**What you should do**
Only the lines from the one containing "Amethyst Cluster Heart In Stand 11.9cm" through the end of the records should be retyped, exactly and including both ends; pictures stay out.

(Stored items)
---+---
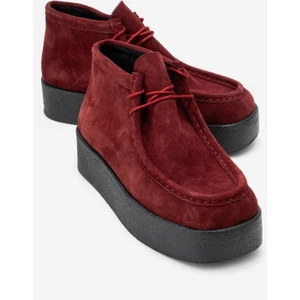 Melıa Bordo Süet Hakiki Deri Kadın Bilekte Bot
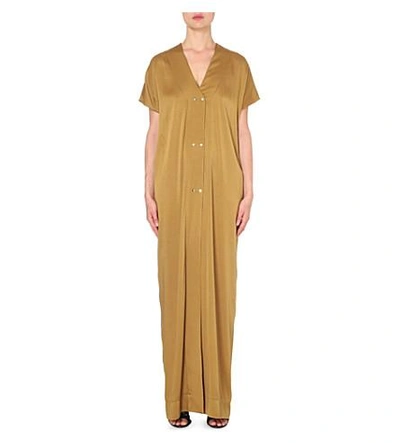 Shop Lanvin Washed-satin Maxi Dress In Mustard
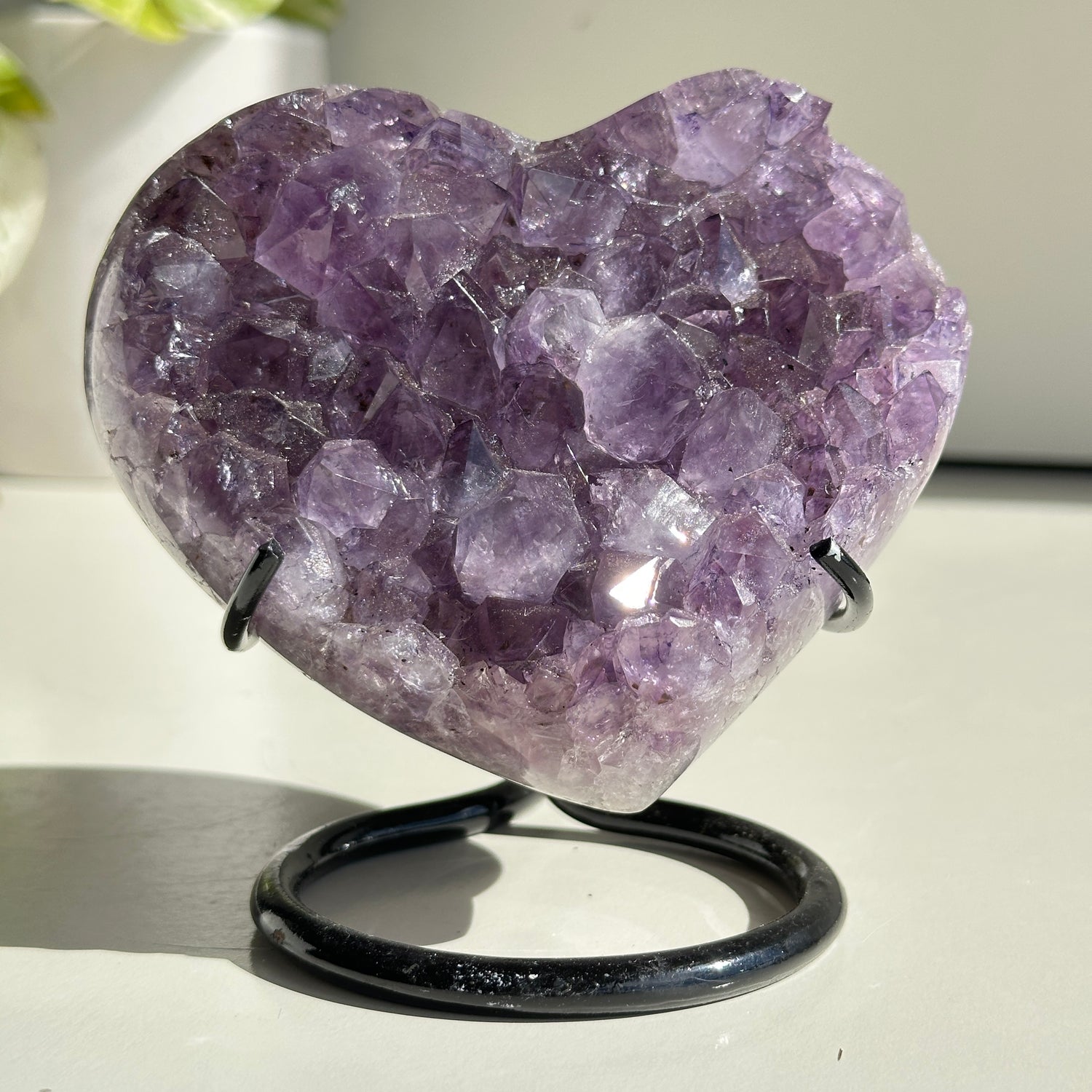 Amethyst Cluster Heart In Stand 11.9cm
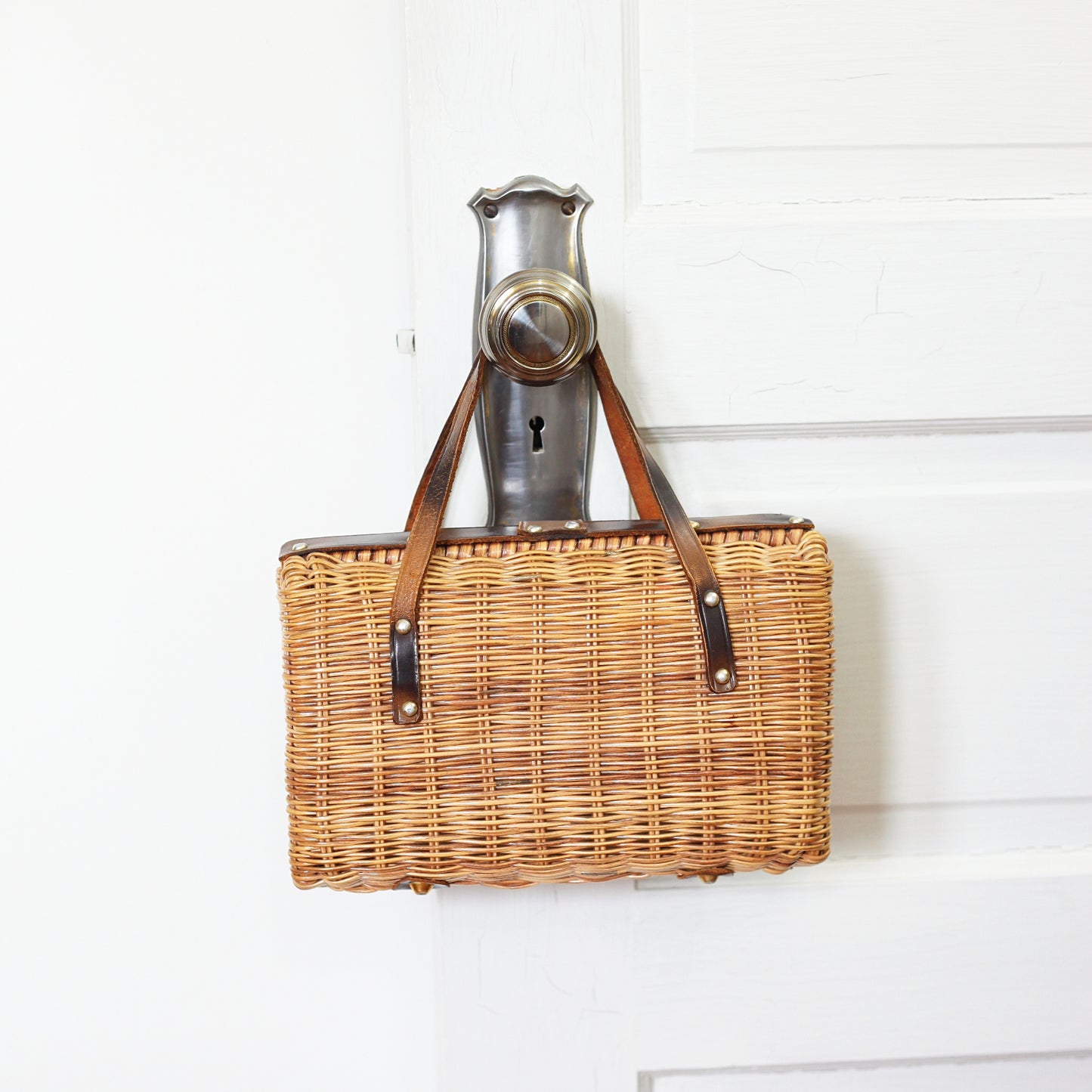 SOLD - Vintage Woven Basket Purse with Leather Accents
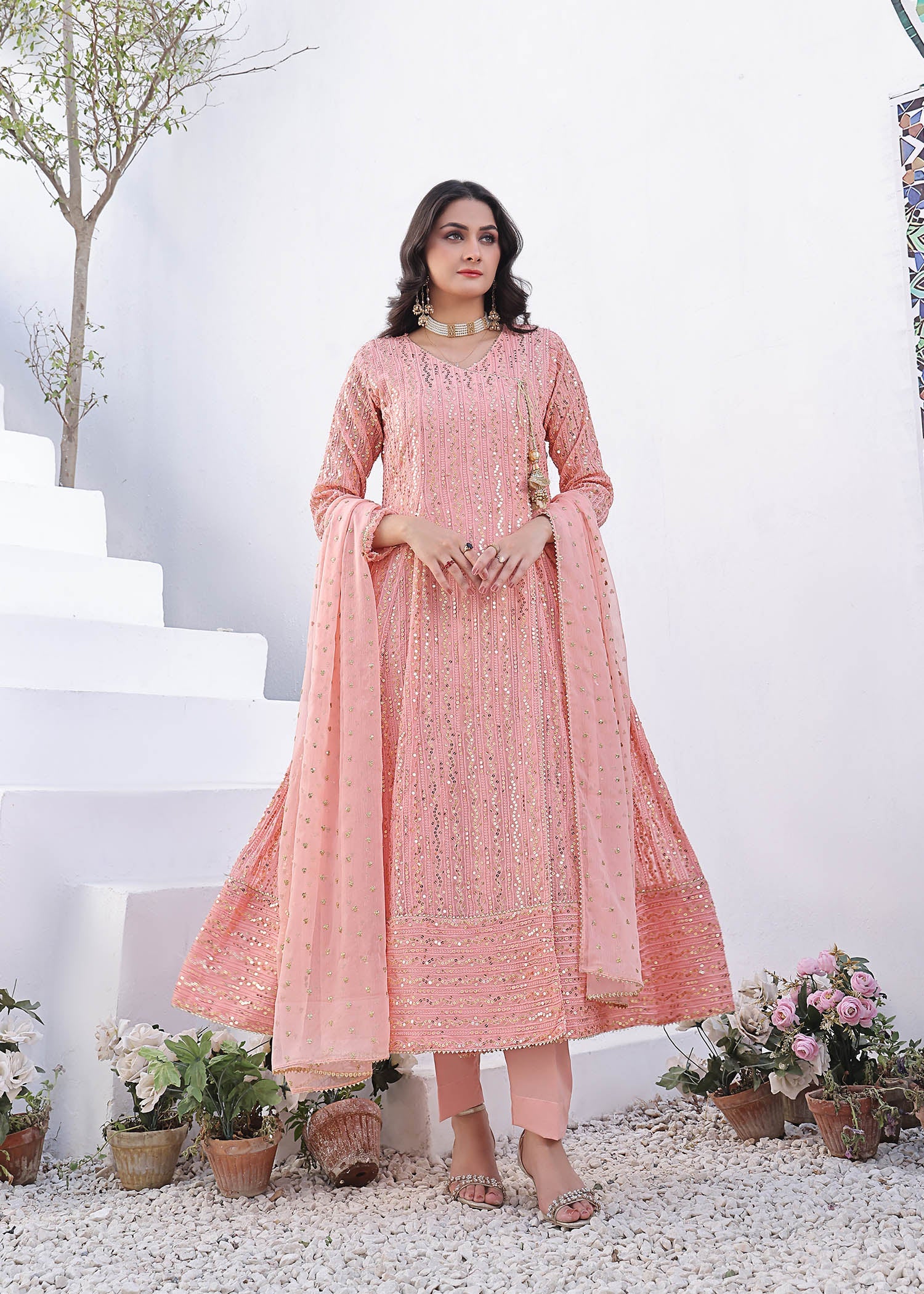 chiffon Angrakha in Pink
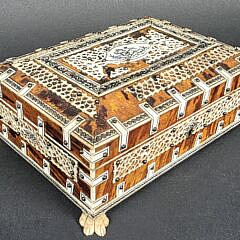 Antique Tortoiseshell and Bone British Regency Jewelry Box 19th century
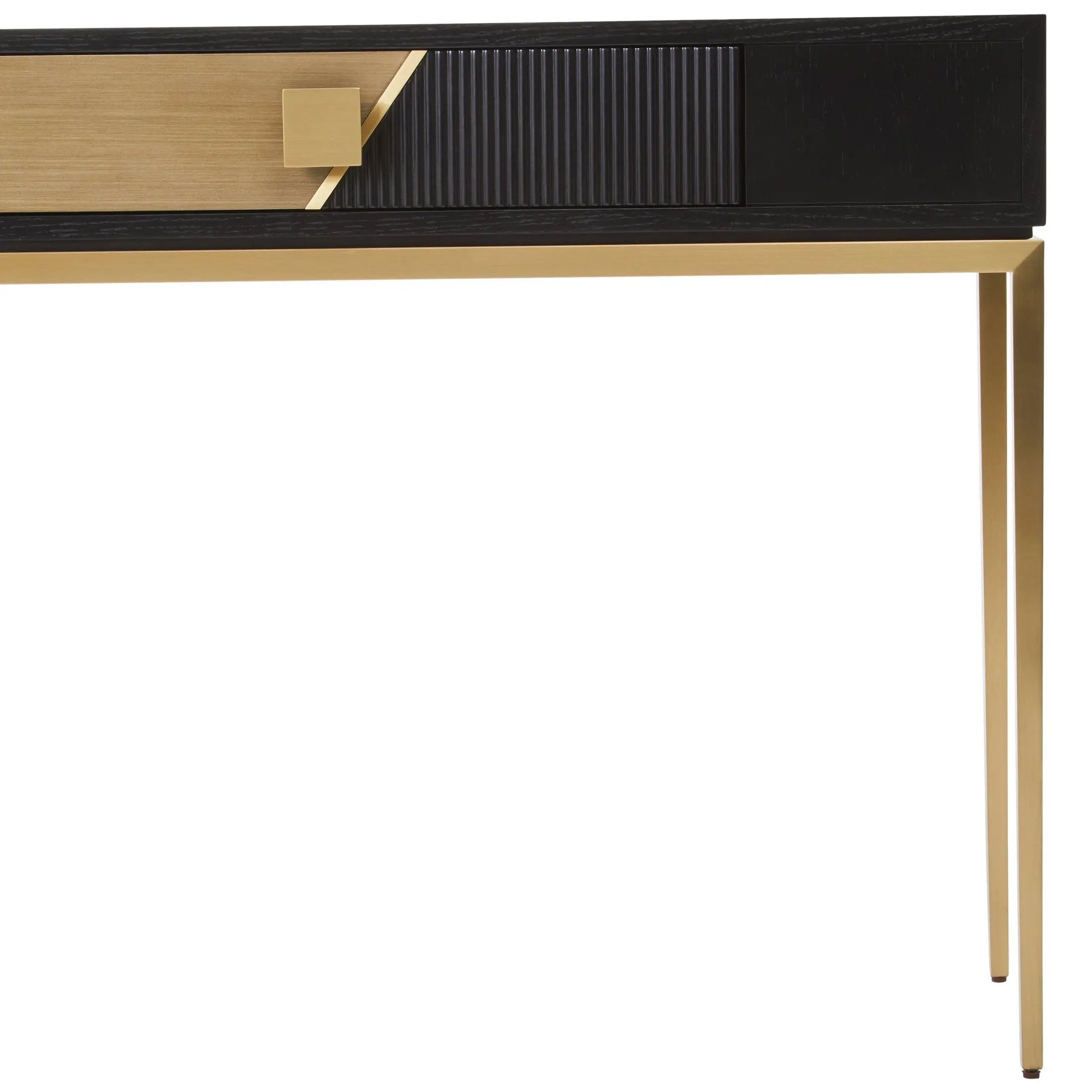 Davaro Black and Gold Console Table with 1 Drawer  Nicholas John Interiors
---+---
**Output of the task**
 Amethyst Cluster Heart In Stand 11.9cm
 SOLD - Vintage Woven Basket Purse with Leather Accents
 chiffon Angrakha in Pink
 Antique Tortoiseshell and Bone British Regency Jewelry Box 19th century
 Davaro Black and Gold Console Table with 1 Drawer  Nicholas John Interiors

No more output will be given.